Decaying \(\varepsilon\). Setting \(\varepsilon_t = \min\!\left(1, \tfrac{cK}{t}\right)\) for sufficiently large \(c\) gives logarithmic regret (Auer et al. 2002)
\[ \text{Regret}(T) = O(K \log T), \]
matching the optimal rate up to constants (proof). The schedule must decay slowly enough that every arm is sampled infinitely often, but fast enough that exploration eventually stops dominating reward.
Limitations
- Undirected. Once an arm is known with high confidence to be bad, a random exploration step still pulls it with probability \(1/K\). UCB and Thompson sampling avoid this waste by directing exploration toward plausibly-best arms only.
- Hyperparameter-sensitive. The constant \(c\) in \(\varepsilon_t = cK/t\) depends on the unknown gaps \(\Delta_a\). Choosing it too small leaves the agent stuck; too large leaves the agent exploring forever.

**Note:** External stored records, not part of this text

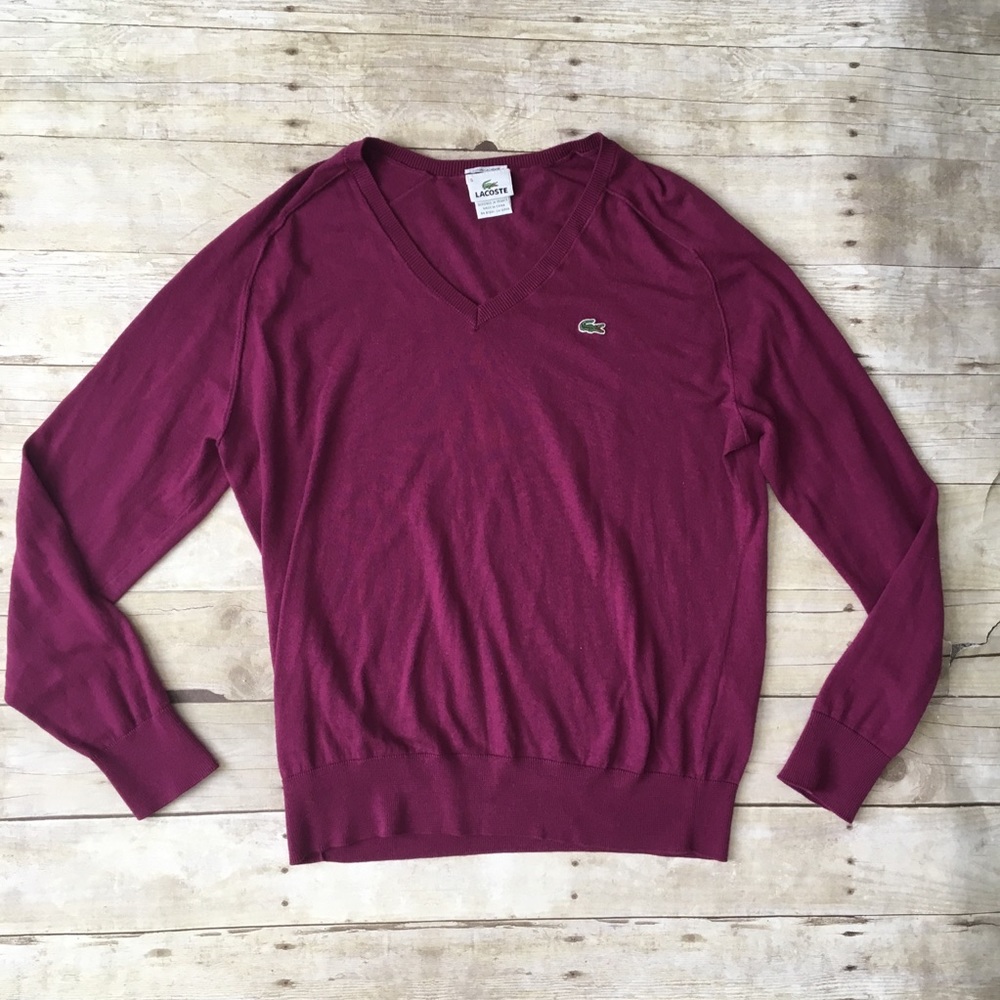LACOSTE Cashmere & Cotton Purple Maroon Sweater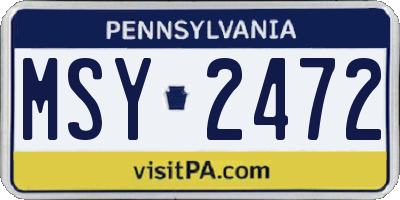PA license plate MSY2472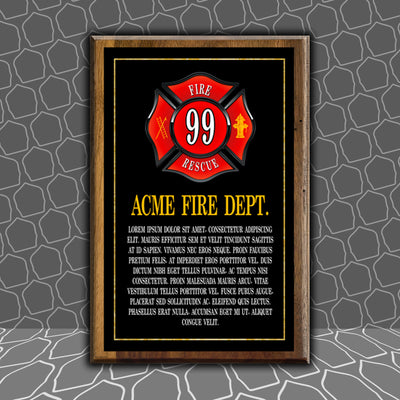 Firefighter Custom Award Plate (6x9)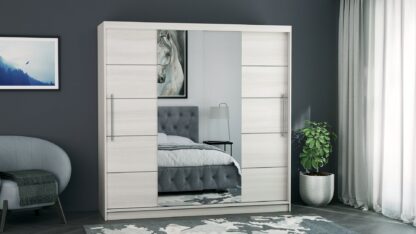 Dressing Sara, cu oglinda, 200x200x60 cm, Pin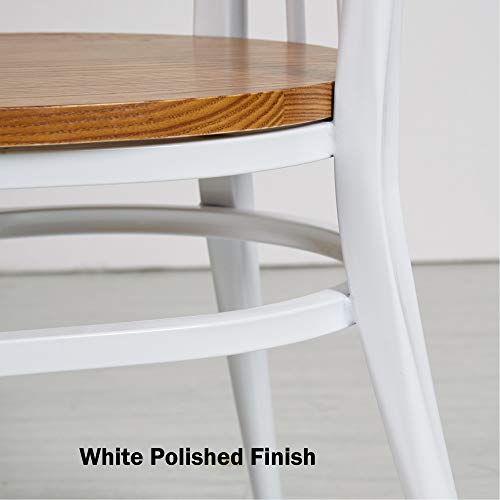 Heavy Duty Metal Dining Chair Set of 2 with Wood Seat, Black I715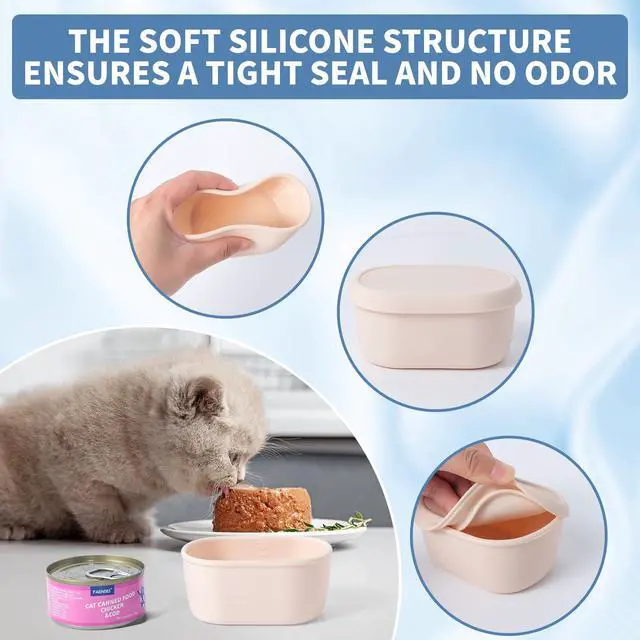 Alt view image 5 of 7 - Canned Cat Food Storage Container for 3oz Cat Cans, 2Pack Silicone Airtight Can Cover Pet Food Sealer Reusable Sealing Box for 2.56''/65mm Can Keep Food Fresh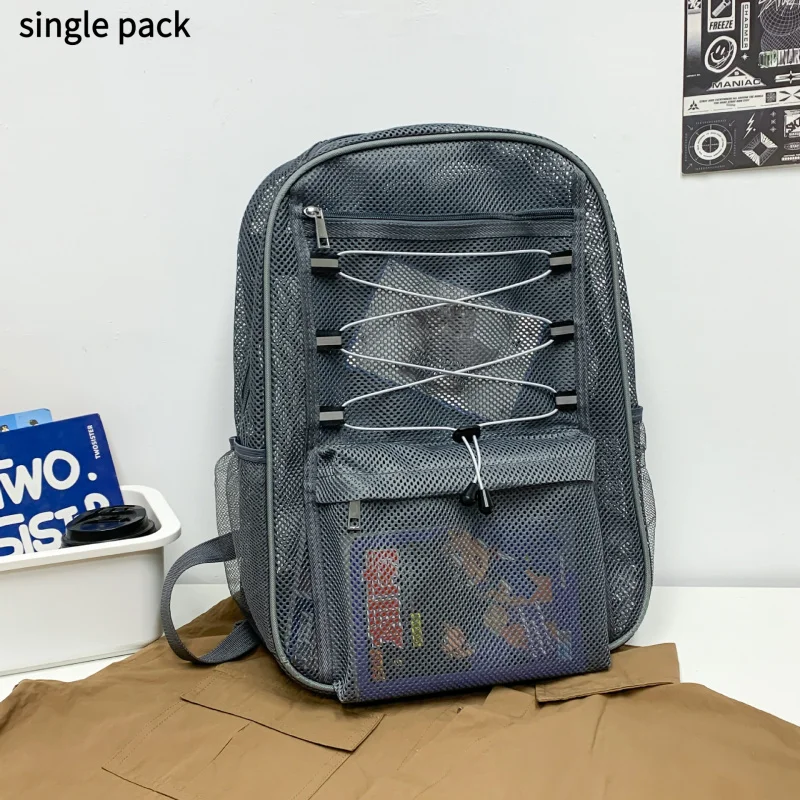 Trendy Outdoor Sports Beach Transparent Mesh Backpack Summer Double Shoulder Bag for High School Students with Big Capacity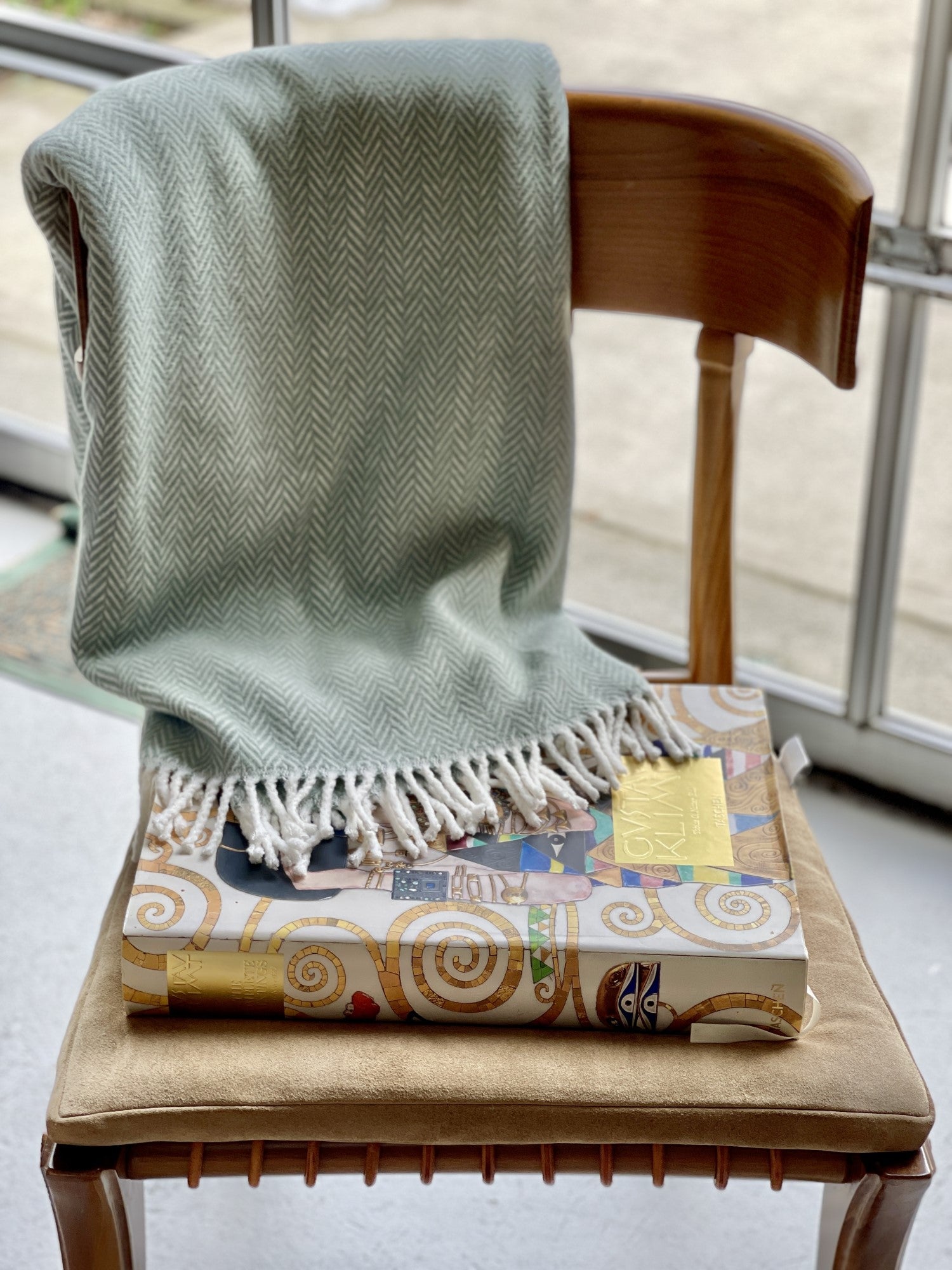 55" X 70" Sage and Ivory Woven Cotton Herringbone Plush Throw Blanket-Throws & Blankets-DECOROLALA
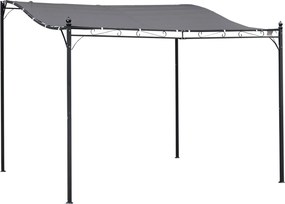 Outsunny Záhradná Pergola s Krytom a Stanom, Kovová Šedá 297x297cm | Aosom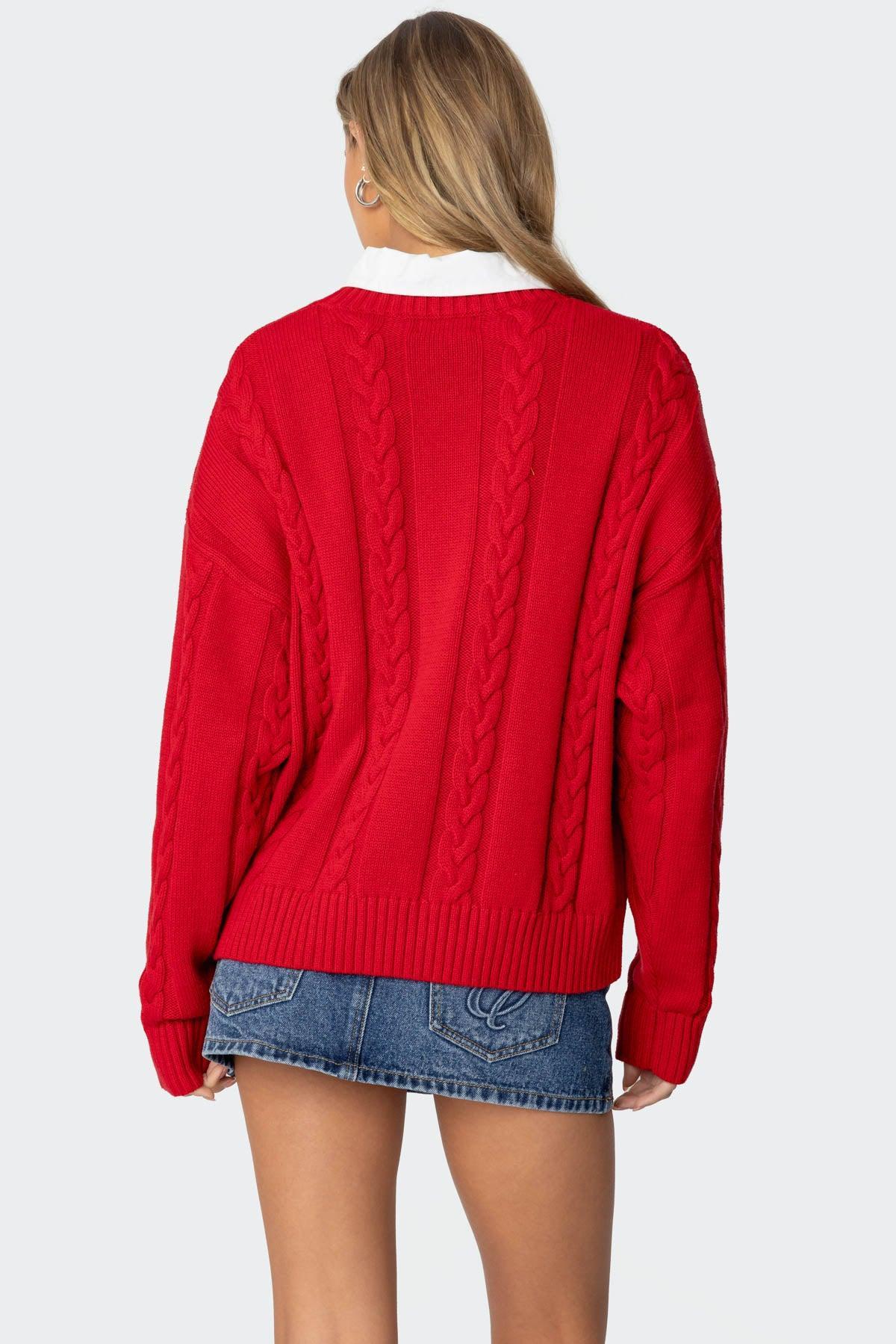 Acacia Oversized Cable Knit Sweater Product Image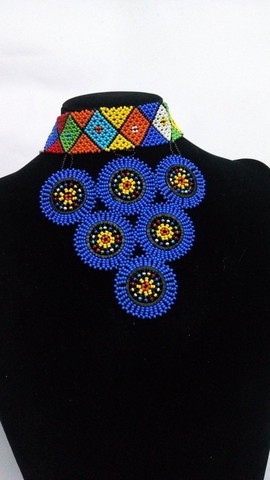 African beaded Choker necklace, African beaded choker, Zulu choker necklace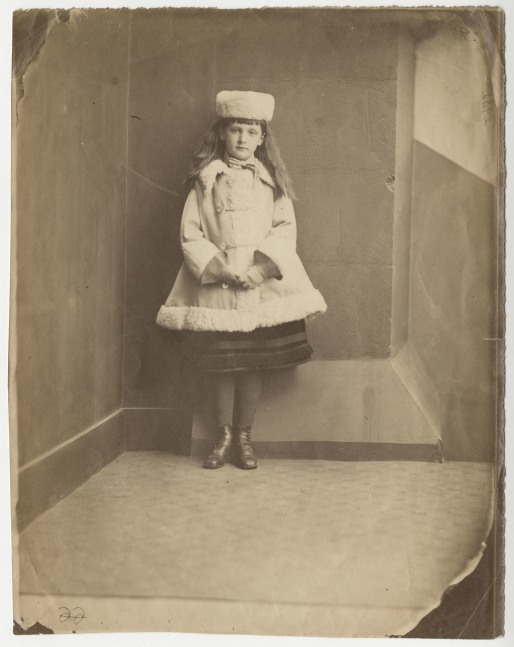 Lewis CARROLL (Charles Lutwidge Dodgson) (English, 1832-1898) Xie (Alexandra) Kitchin as a &quot;Dane&quot;, 1873 Albumen print from a collodion negative 21.0 x 16.5 cm on 21.0 x 16.7 cm paper, untrimmed and unmounted &quot;2132&quot; inscribed in violet ink by Carroll. &quot;Xie Kitchin&quot; inscribed in ink and various numeric notations inscribed in pencil, likely not in Carroll's hand, on verso.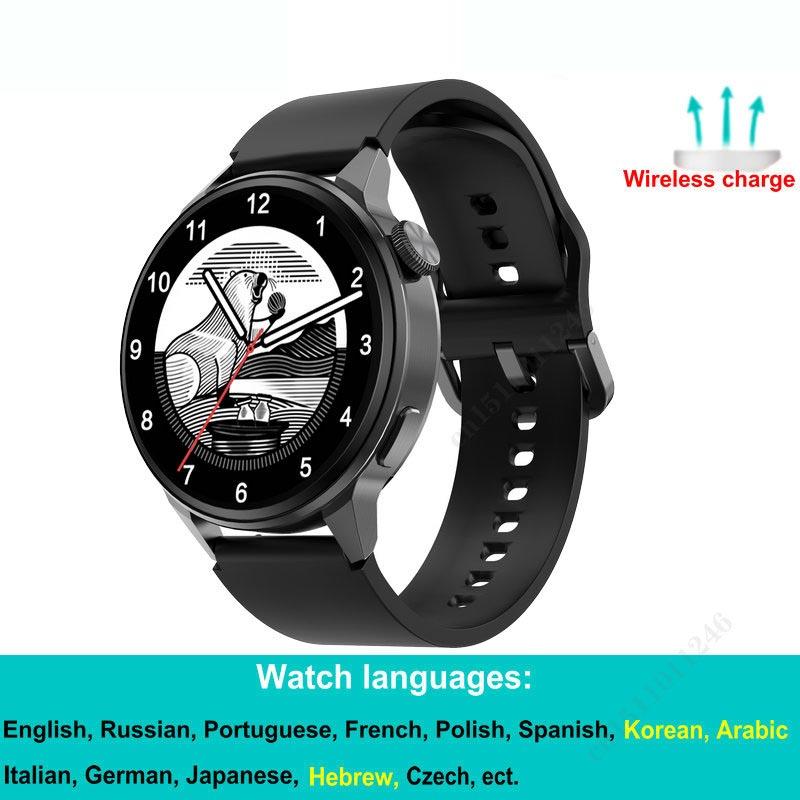 

Умные часы DT4+ для мужчин, NFC, голосовой помощник, пароль, BT-звонки, 390*390, GPS-трекер, беспроводная зарядка, женские умные часы чёрный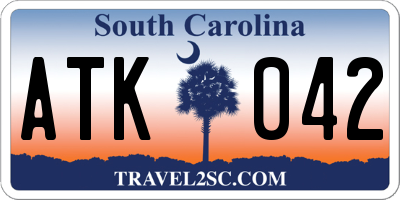 SC license plate ATK042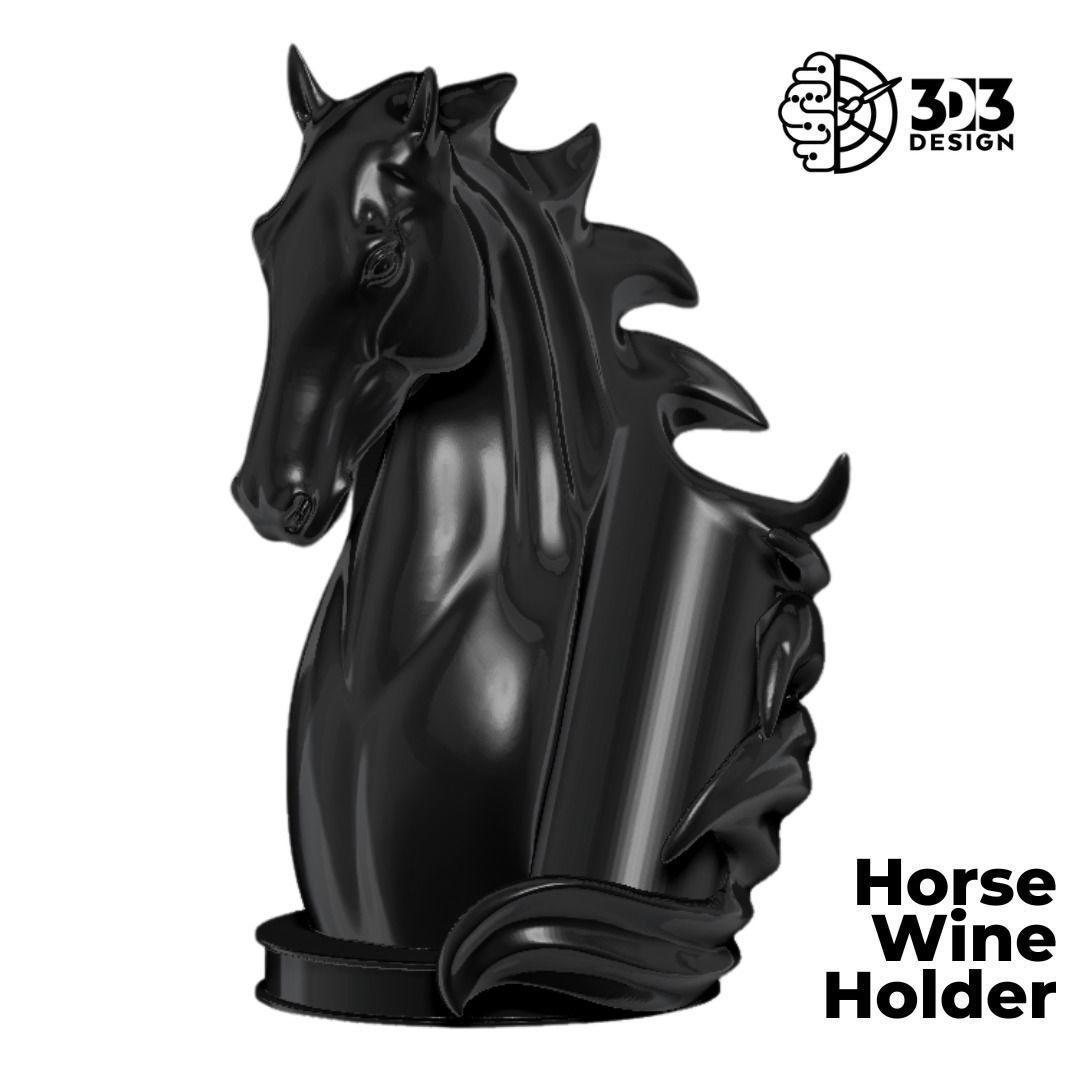 Horse Wine Holder 3D print model_7
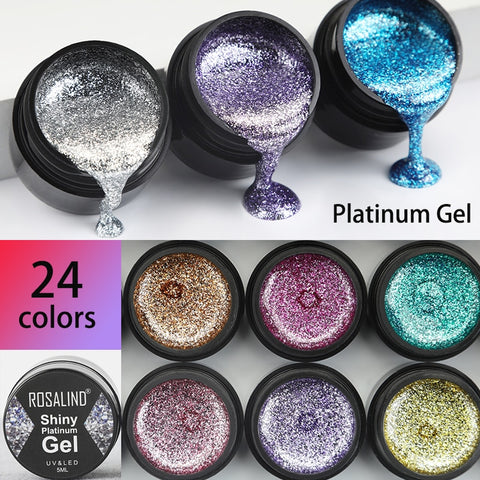 ROSALIND Gel Nail Polish Glitter Paint Hybrid Varnishes Shiny Top Base Coat For Nails Set Semi Permanent For Manicure Nail Art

- Action-space scaling. Uniform random exploration is uninformative when \(|\mathcal{A}|\) is large or continuous; structured exploration (Boltzmann, posterior sampling, parameter noise) tends to scale better.
When to Use It
| Situation | Approach |
|---|---|
| Tabular RL with \(\varepsilon\)-greedy behavior policy | The default — works with Q-learning, SARSA, etc. |
| Need stronger regret guarantees, stationary bandit | UCB or Thompson sampling. |
| Non-stationary environment (arms change over time) | Constant \(\varepsilon\) — keeps re-checking forever. |
| Deep RL (DQN and friends) | \(\varepsilon\)-greedy with linear anneal from \(1.0\) to \(0.1\) over the first chunk of training. |
| Large or continuous action space | Boltzmann, parameter-space noise, or learned exploration. |
| Need a smooth (not random) action selection | Boltzmann exploration with temperature anneal. |
Variants
- Decaying \(\varepsilon\) schedules. \(\varepsilon_t = c/t\) (or \(cK/t\)) for log regret. Other schedules: exponential decay, step decay, linear anneal.
- State-dependent \(\varepsilon\). Higher \(\varepsilon\) in less-visited states. Approximates information-directed exploration without full UCB machinery.
- Optimistic initialization. Initialize \(\hat{\mu}_a\) to a value higher than any plausible reward. Pure greedy then explores naturally until each arm has been pulled enough to deflate its estimate.
- Boltzmann exploration. Replace uniform-random with sampling from a softmax over \(\hat{\mu}\). Smoother, but adds a temperature hyperparameter.
- Noisy nets. In deep RL, inject parametric noise into the network weights instead of sampling at action time. Yields persistent exploration across episodes.